The climate hunger strike shows a dangerous generational divide

Youth climate activists Abby Leedy and Julie Paramo, who are both on hunger strike, hugged at an action on October 27, 2021 in Washington, DC.

Youth climate activists Abby Leedy and Julie Paramo, who are both on hunger strike, hugged at an action on October 27, 2021 in Washington, DC.
Photography: Jemal Countess / Reparirers of the Breach (Getty Images)

A group of five young climate activists are entering the ninth day of a hunger strike to demand that Democrats in Congress pass meaningful climate laws as part of the Build Back Better agenda. Hunger strikes have a long, diverse history as a means of fighting injustice and seeking justice – but this climate strike is unique in the way it shows the generation gap.

Hunger strikes pull the body extremely severe, painful and life-threatening conditions. One attacker, Kidus Girma, 26, was hospitalized over the weekend. Doctors allowed him to return to the strike only after they had been watching him overnight.

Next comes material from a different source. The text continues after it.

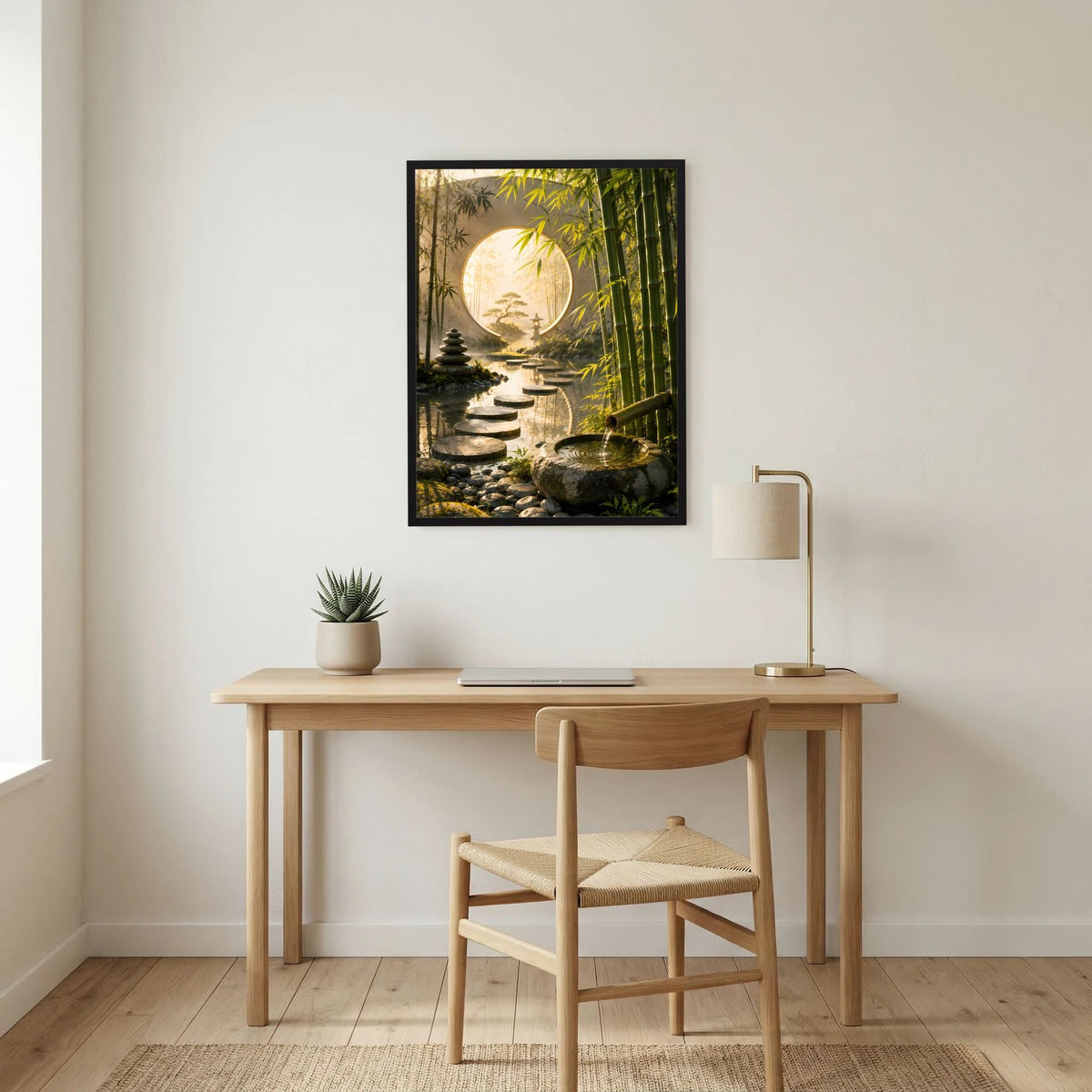 Zen-Garten-Poster: Bambus, rundes Mondtor und Trittsteine am Flusslauf, schwarzer Rahmen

“I honestly feel pretty awful,” one of the attackers, Emma Govea, said Thursday. “I’m really tired and I can’t walk much.”

Govea was stationed in front of Congress on Thursday with her fellow hunger strikers to urge the Progressives to hold the line against Representative Nancy Pelosi’s attempts to force a vote on the draft infrastructure law. She turned 18 years old just the day before the strike began.

“This is a very, very difficult experience, and it was much harder than I thought it would be,” she said. “It was very exhausting and physically and emotionally exhausting. I am a person who finds it difficult to walk anymore, to have no autonomy or energy. I love being able to do things and do as much as I can. Now it was really hard to be away from home. This is my last year of high school, and I should be in class with my friends now. That was very difficult. I would like to go home. “

Historically, the effectiveness of hunger strikes has depended on several specific factors. Hunger strikes are often seen as a protest in the last resort. This makes them a particularly effective form of political protest in prisons, where many of the most prominent hunger strikes in history have taken place, since closed members of the IRA in Belfast 1980s to Black political prisoners in apartheid in South Africa prisoners at Guantanamo Bay during the Obama administration.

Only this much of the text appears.